### Input

* * * * * * * * *

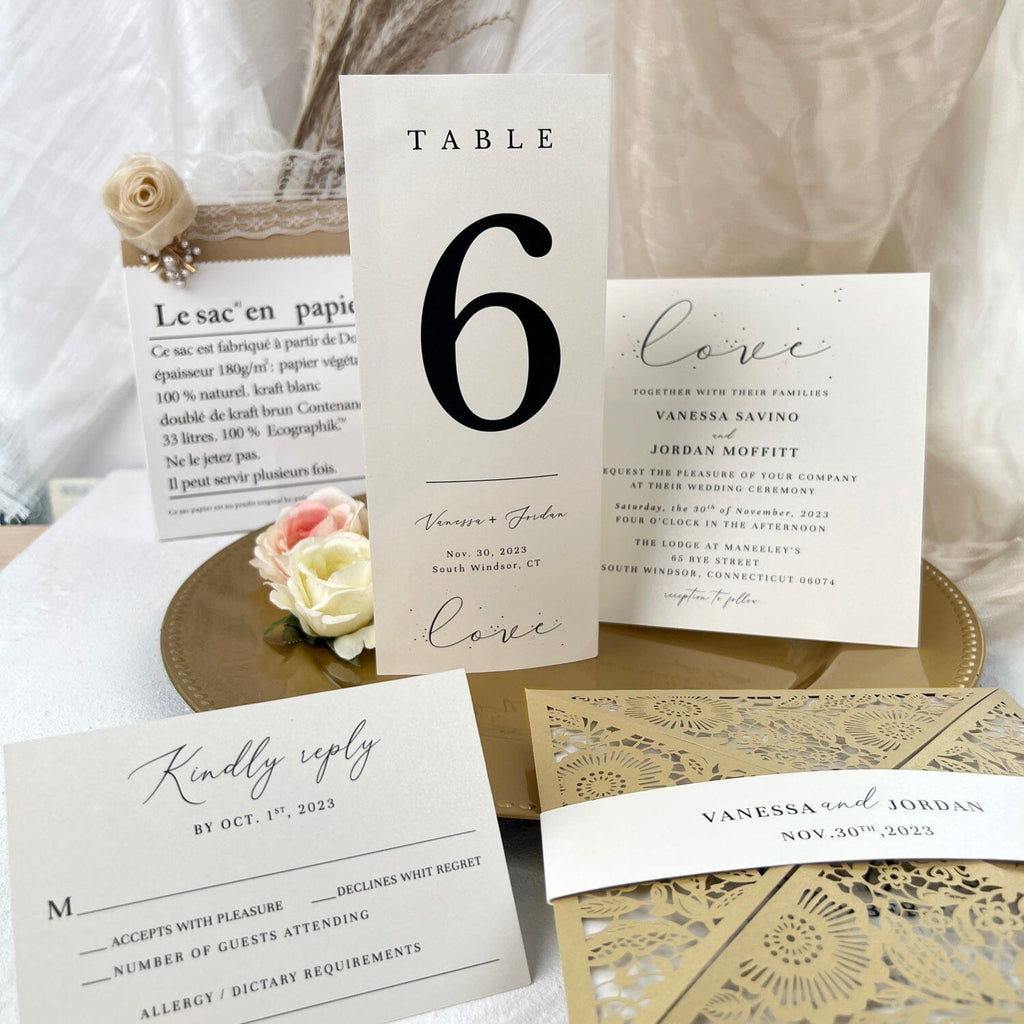 Laser Cut Gold Wedding Invitations with RSVP Cards, Vellum Wedding Logo Personalized, Picky Bride Flower Invites, Table Card Wedding Ceremony Supplies Picky Bride 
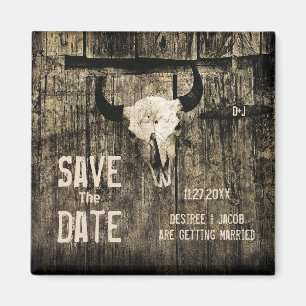 Rustic Bröllop Western Cow Skull Spara datum och Magnet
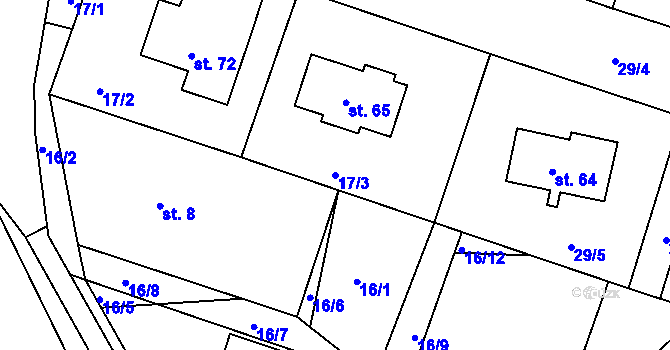 Parcela st. 17/3 v KÚ Mokošín, Katastrální mapa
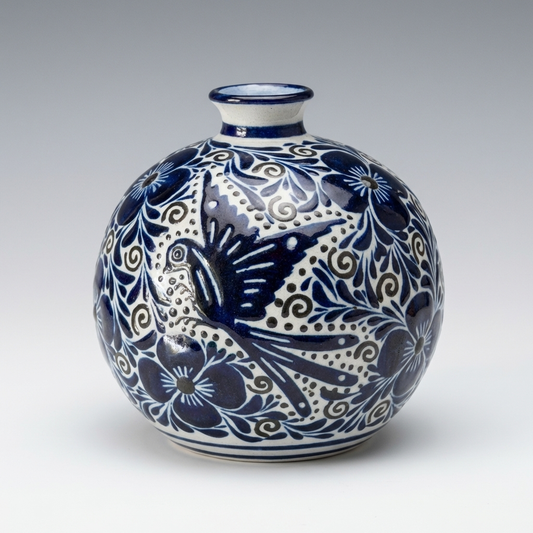 Hand Painted Mexican Blue & White Vase – Bird & Floral Talavera Style Pottery – Small Decorative Vase 4.5”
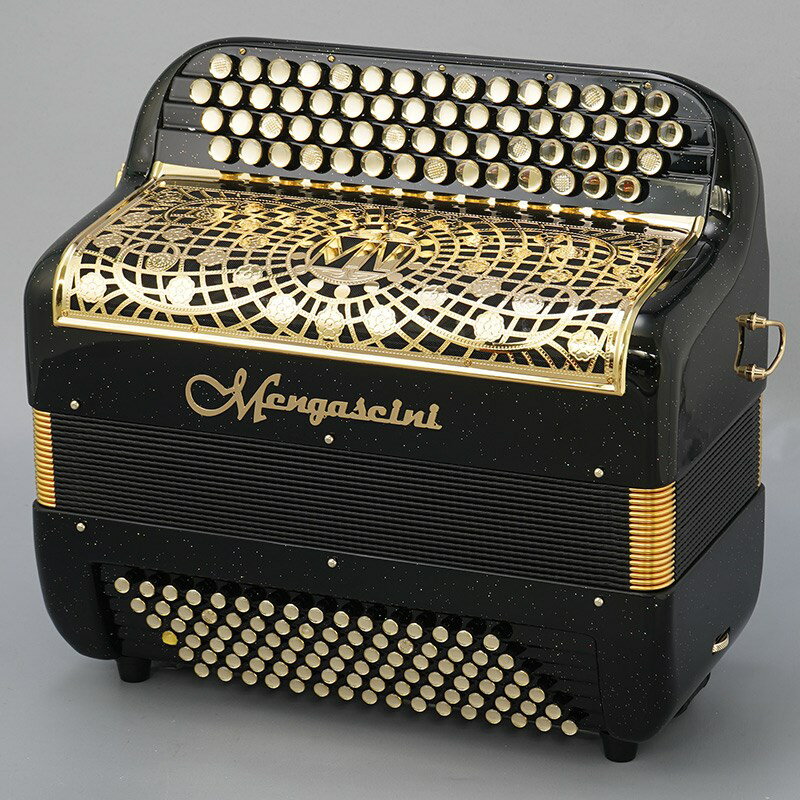 【デジタル楽器特価祭り】F4-96 Black Sparkle Gold (フレンチタイプボタン式アコーディオン) Mengascini 電子ピアノ・その他鍵盤楽器 アコーディオン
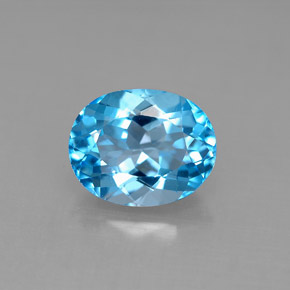 Topacio azul natural de 3,32 ct, corte óvalo, VS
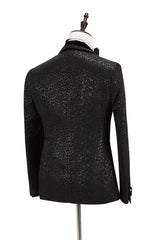 Custom design Velvet Lapel Double Breasted Prom Suit Belt Leopard Black Jacquard Men Suit for Wedding-Ballbella
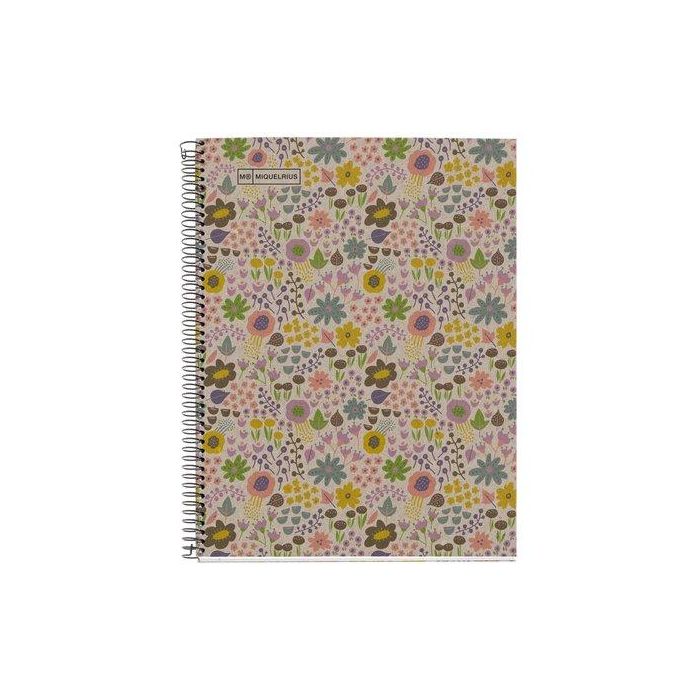 Bloc Miquelrius Eco Design Notebook 1 Micro.Tapa Dura A4 80H 80G Cuadric.5X5 Ecoflowers (Set de 5)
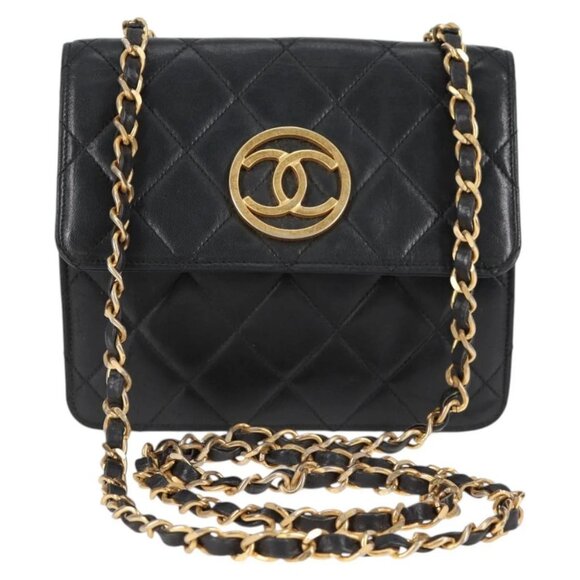 CHANEL Matelasse COCO Mark Chain Bag Lamb Skin Black Gold - Picture 1 of 16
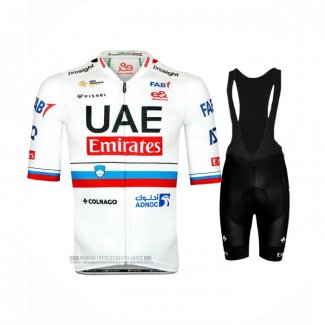 2024 Abbigliamento Ciclismo UAE Slovenia Campione Bianco Manica Corta e Salopette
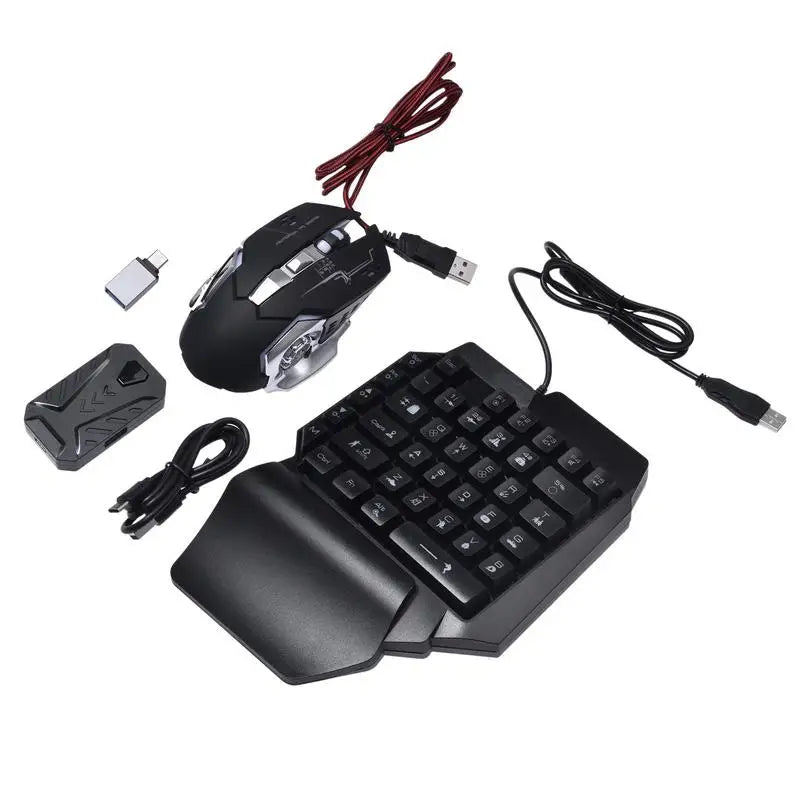 Combo RGB Backlit One Hand Keyboard Mice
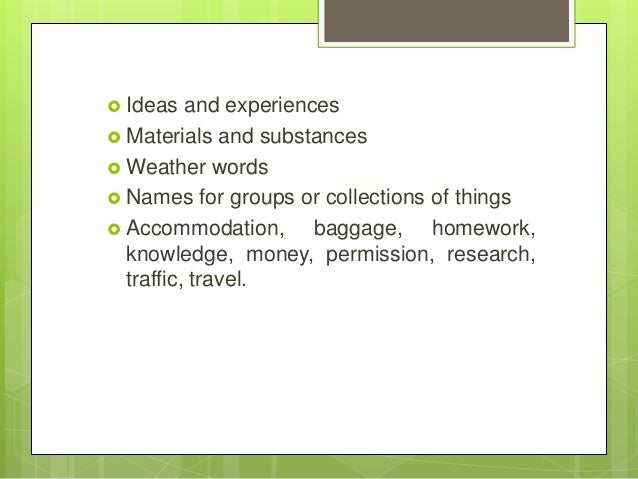 Is The Word Homework Countable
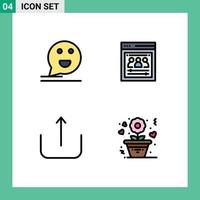 Pictogram Set of 4 Simple Filledline Flat Colors of bubble multimedia happy remote team upload Editable Vector Design Elements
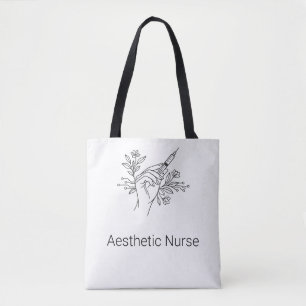 Aesthetic Nurse Botanical Syringe Line Art Tote Bag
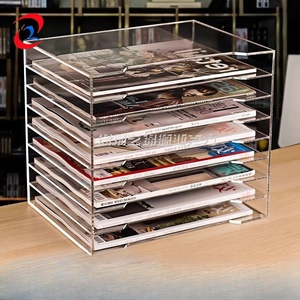 5 lớp <span class=keywords><strong>Acrylic</strong></span> tập tin nội các tập tin chủ Rack thư khay A4 Kích thước <span class=keywords><strong>Acrylic</strong></span> Stackable tài liệu tổ chức văn phòng Giấy Chủ - Product Image 5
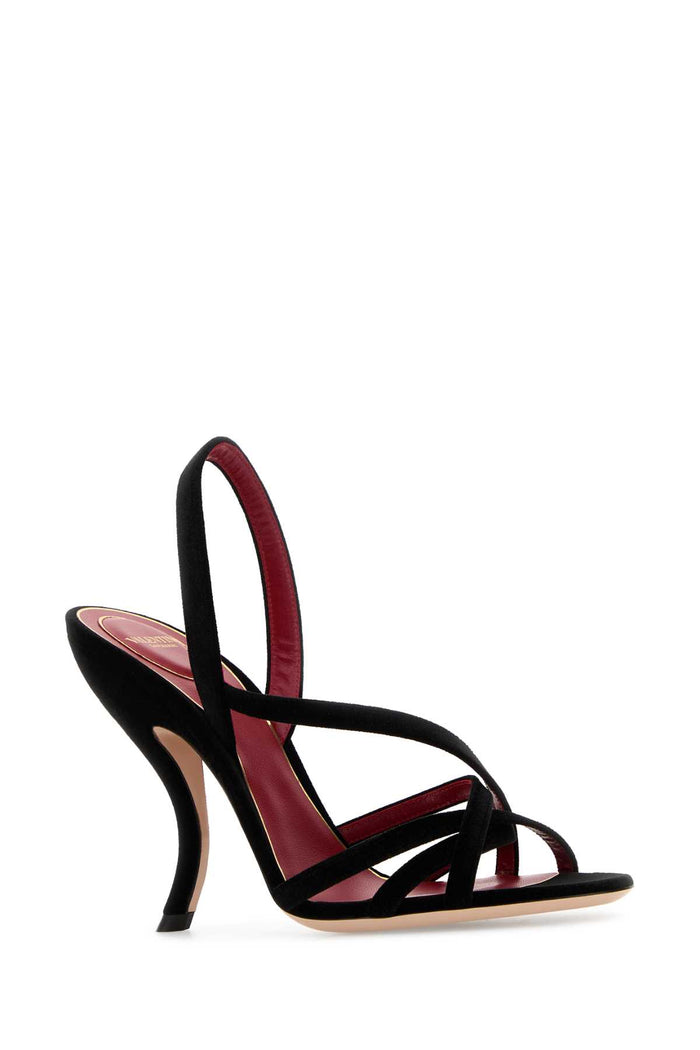 Black Velvet Vlogo Signature Sandals Nero Sandali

* * * * * * * * *

### Task details
Exactly as written, give the entries above again, with no images.

### Your response
 Laser Cut Gold Wedding Invitations with RSVP Cards, Vellum Wedding Logo Personalized, Picky Bride Flower Invites, Table Card Wedding Ceremony Supplies Picky Bride 
 Rustic Bröllop Western Cow Skull Spara datum och Magnet
 Parcela st. 17/3 v KÚ Mokošín, Katastrální mapa
 Hand Painted Mexican Blue & White Vase – Bird & Floral Talavera Style Pottery – Small Decorative Vase 4.5”
 【デジタル楽器特価祭り】F4-96 Black Sparkle Gold (フレンチタイプボタン式アコーディオン) Mengascini 電子ピアノ・その他鍵盤楽器 アコーディオン
 Topacio azul natural de 3,32 ct, corte óvalo, VS
 Custom design Velvet Lapel Double Breasted Prom Suit Belt Leopard Black Jacquard Men Suit for Wedding-Ballbella
 Bloc Miquelrius Eco Design Notebook 1 Micro.Tapa Dura A4 80H 80G Cuadric.5X5 Ecoflowers (Set de 5)
 CHANEL Matelasse COCO Mark Chain Bag Lamb Skin Black Gold - Picture 1 of 16
 2024 Abbigliamento Ciclismo UAE Slovenia Campione Bianco Manica Corta e Salopette
 Combo RGB Backlit One Hand Keyboard Mice
 Is The Word Homework Countable
 Pictogram Set of 4 Simple Filledline Flat Colors of bubble multimedia happy remote team upload Editable Vector Design Elements
 Aesthetic Nurse Botanical Syringe Line Art Tote Bag
 5 lớp <span class=keywords><strong>Acrylic</strong></span> tập tin nội các tập tin chủ Rack thư khay A4 Kích thước <span class=keywords><strong>Acrylic</strong></span> Stackable tài liệu tổ chức văn phòng Giấy Chủ - Product Image 5
 Black Velvet Vlogo Signature Sandals Nero Sandali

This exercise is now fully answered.